On Tuesday, 24 July 2018 at 14:41:17 UTC, Ecstatic Coder wrote:
On Tuesday, 24 July 2018 at 14:08:26 UTC, Daniel Kozak wrote:
I am not C++ expert so this seems wierd to me:
#include <iostream>
#include <string>
using namespace std;
int main(int argc, char **argv)
{
char c = 0xFF;
std::string sData = {c,c,c,c};
unsigned int i = (((((sData[0]&0xFF)*256
+ (sData[1]&0xFF))*256)
+ (sData[2]&0xFF))*256
+ (sData[3]&0xFF));
if (i != 0xFFFFFFFF) { // it is true why?
// this print 18446744073709551615 wow
std::cout << "WTF: " << i << std::endl;
}
return 0;
}
compiled with:
g++ -O2 -Wall -o "test" "test.cxx"
when compiled with -O0 it works as expected
Vs. D:
import std.stdio;
void main(string[] args)
{
char c = 0xFF;
string sData = [c,c,c,c];
uint i = (((((sData[0]&0xFF)*256
+ (sData[1]&0xFF))*256)
+ (sData[2]&0xFF))*256
+ (sData[3]&0xFF));
if (i != 0xFFFFFFFF) { // is false - make sense
writefln("WTF: %d", i);
}
}
compiled with:
dmd -release -inline -boundscheck=off -w -of"test" "test.d"

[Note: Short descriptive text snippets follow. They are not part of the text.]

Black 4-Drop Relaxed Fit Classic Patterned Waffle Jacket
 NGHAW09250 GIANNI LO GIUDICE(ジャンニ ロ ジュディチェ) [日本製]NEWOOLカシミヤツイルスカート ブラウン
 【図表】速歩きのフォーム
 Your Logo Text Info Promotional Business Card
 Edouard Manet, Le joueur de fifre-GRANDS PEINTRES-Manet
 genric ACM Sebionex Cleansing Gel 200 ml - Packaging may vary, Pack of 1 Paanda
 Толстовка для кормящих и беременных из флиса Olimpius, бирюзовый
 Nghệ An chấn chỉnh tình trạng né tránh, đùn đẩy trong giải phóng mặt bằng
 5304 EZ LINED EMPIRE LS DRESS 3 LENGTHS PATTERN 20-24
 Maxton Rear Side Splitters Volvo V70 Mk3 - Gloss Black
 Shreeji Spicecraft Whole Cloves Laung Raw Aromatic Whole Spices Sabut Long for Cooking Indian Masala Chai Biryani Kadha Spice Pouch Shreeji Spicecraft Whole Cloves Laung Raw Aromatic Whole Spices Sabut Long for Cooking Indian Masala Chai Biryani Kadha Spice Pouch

So it is code gen bug on c++ side, or there is something wrong
with that code.
As the C++ char are signed by default, when you accumulate
several shifted 8 bit -1 into a char result and then store it
in a 64 bit unsigned buffer, you get -1 in 64 bits :
18446744073709551615.
That's not exactly what happens here. There's no 64 bit buffer.
It's signed overflow which is undefined behavior in C and C++.
He gets different results with and without optimization because
without optimization the result of the calculation is spilled to
the i unsigned int and then reloaded for the print call. This
save and reload truncated the value to its real value. In the
optimized version, the compiler removed the spill and the
overflowed value contained in the register is printed as is.